* _WHAT NEEDS TO BE DONE_:
Go through the listing below and retype exactly the lines starting at the one with "QR Code for Phone number +19793041850" and ending at the one with "Gates of Olympus 1000 Slot Review", skipping pictures.

* _DATASET EXTRACT_:
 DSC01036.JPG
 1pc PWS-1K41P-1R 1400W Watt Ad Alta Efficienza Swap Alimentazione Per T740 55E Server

==

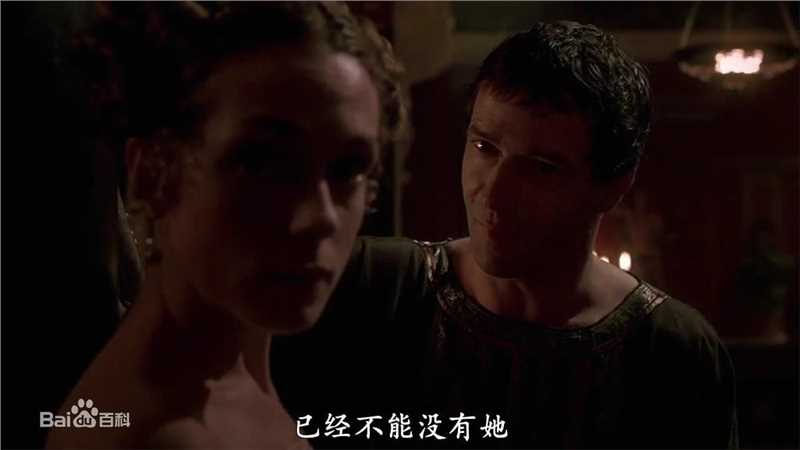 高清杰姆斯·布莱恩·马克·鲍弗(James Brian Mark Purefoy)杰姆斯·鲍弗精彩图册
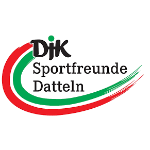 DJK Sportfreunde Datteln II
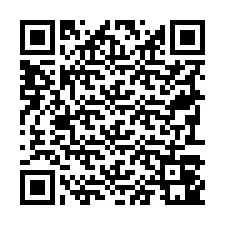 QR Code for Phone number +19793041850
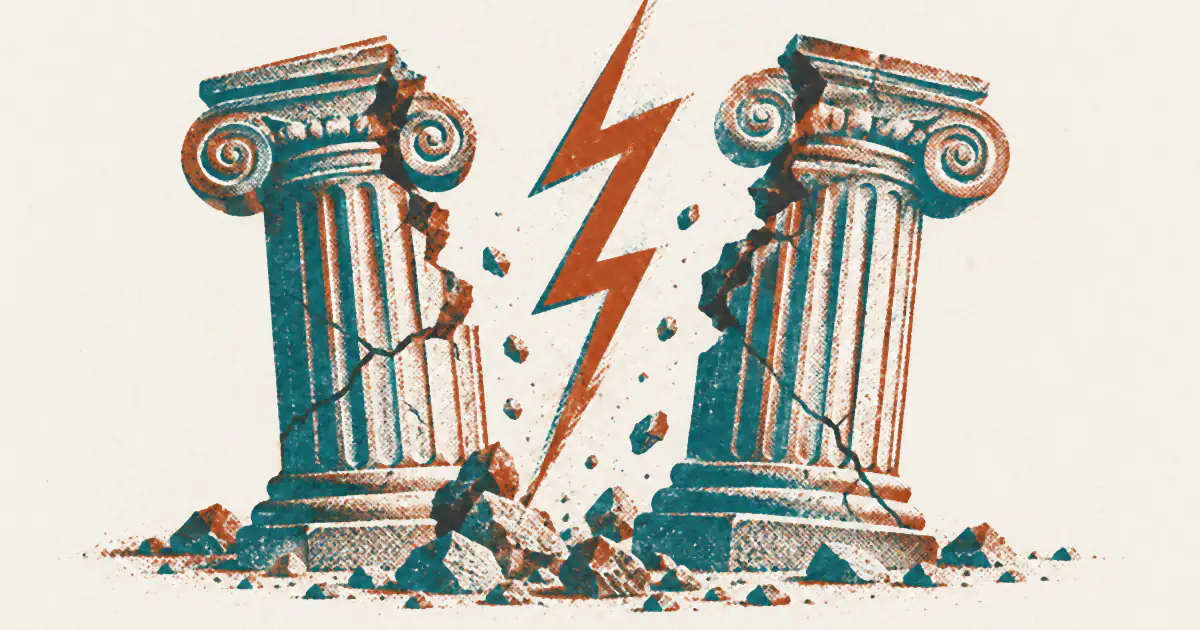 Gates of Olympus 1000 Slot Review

* _EXERCISE OUTPUT_:
 QR Code for Phone number +19793041850
 Gates of Olympus 1000 Slot Review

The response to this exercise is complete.